House Boats

By: Thomas Morva

There are two ways of looking at the word houseboat: a house that floats on water or a boat with all necessary amenities you get at home. Either way, a houseboat is a permanent place of residence, where you can enjoy the benefits of a house on land.

Houseboats can either be recreational or residential. A recreational houseboat is more compact in nature, though with most amenities intact. Also, it may have the luxury of powerful motors to take it places, apart from facilities like a water tank, a generator and other services. Conversely, a residential houseboat is pretty much resigned to a life beside the dock.

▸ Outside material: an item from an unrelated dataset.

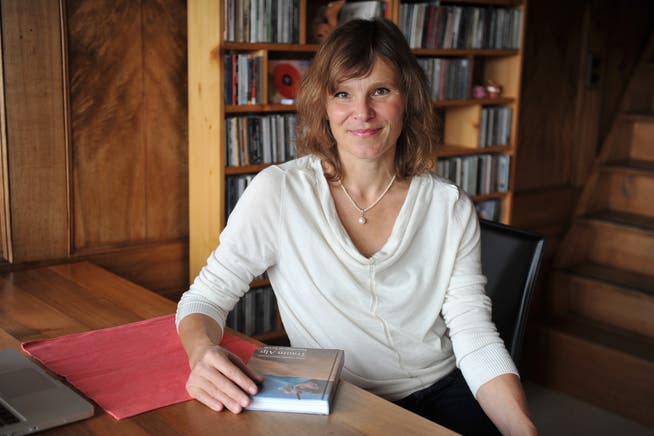 Die Buchautorin Daniela Schwegler las in Wattwil aus ihrem aktuellsten Buch. (Bild: Nana do Carmo)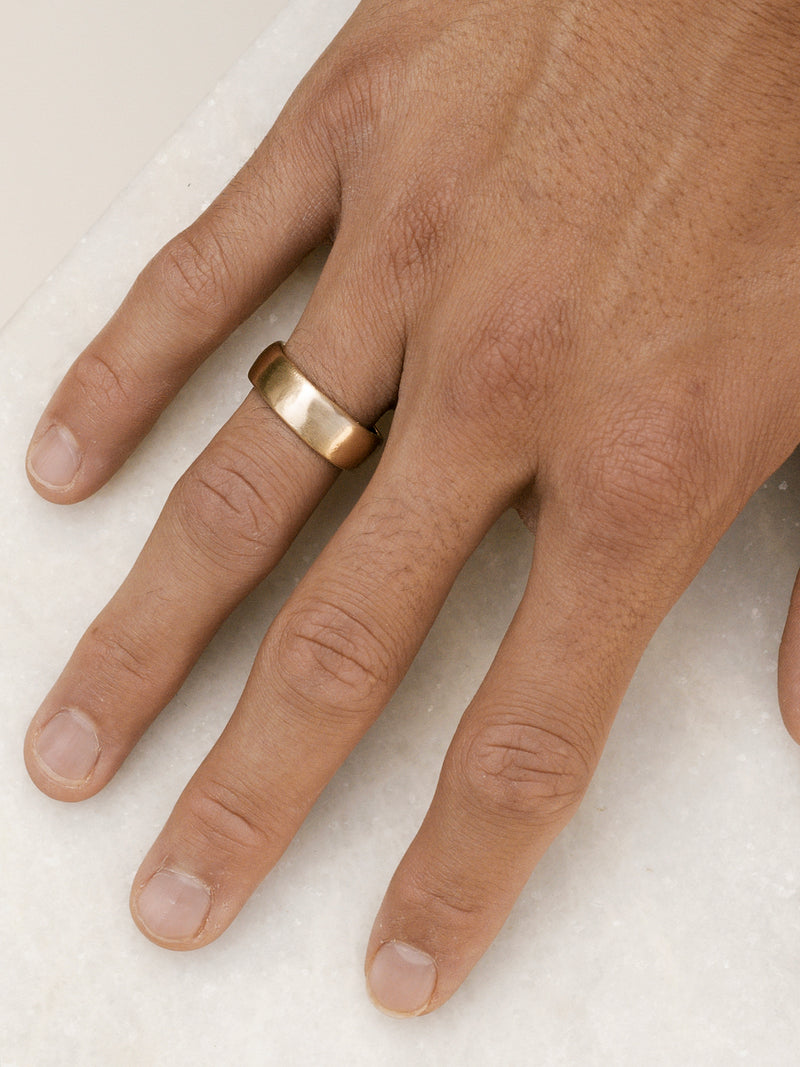 Shown: 14k yellow gold with smooth texture and signature matte finish.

Houseboats may be new to the United States, but Asian and European countries share a long history with them. It is common in some parts of Asia to see fishing communities living on temporary houses that are floating on logs. In the Netherlands, at Amsterdam and other cities linked by canals, houseboats are more modern in character and can often be sighted along waterways.

Although an attractive proposition, it is sensible to check out the local laws before buying a houseboat. Many cities have stringent laws on its use, particularly when it comes to sanitation. It is imperative for a residential houseboat (or more precisely one with permanent residents) to be suitably connected to the power supplies and a sewage system. Luxury houseboats that have temporary use of a dock are usually not subject to those laws.

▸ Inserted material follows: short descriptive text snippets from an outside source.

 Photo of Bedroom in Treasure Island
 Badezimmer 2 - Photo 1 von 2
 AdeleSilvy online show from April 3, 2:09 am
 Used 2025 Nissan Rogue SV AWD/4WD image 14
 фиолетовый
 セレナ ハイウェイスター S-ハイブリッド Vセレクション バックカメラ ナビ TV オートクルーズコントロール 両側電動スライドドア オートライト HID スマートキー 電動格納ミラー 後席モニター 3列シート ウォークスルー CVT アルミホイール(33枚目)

The reasons for owning a houseboat are manifold. One is the aesthetic setting of the location where the houseboat is anchored, which is often underdeveloped and with a natural feel. Secondly, it could be that property on water is less exorbitant than on land. Houseboat owners generally have their own society, with people sharing the same interests.

Of course, houseboats are now fast becoming a tourist attraction. In the state of Kerela, in India, houseboats with luxurious amenities are a great attraction.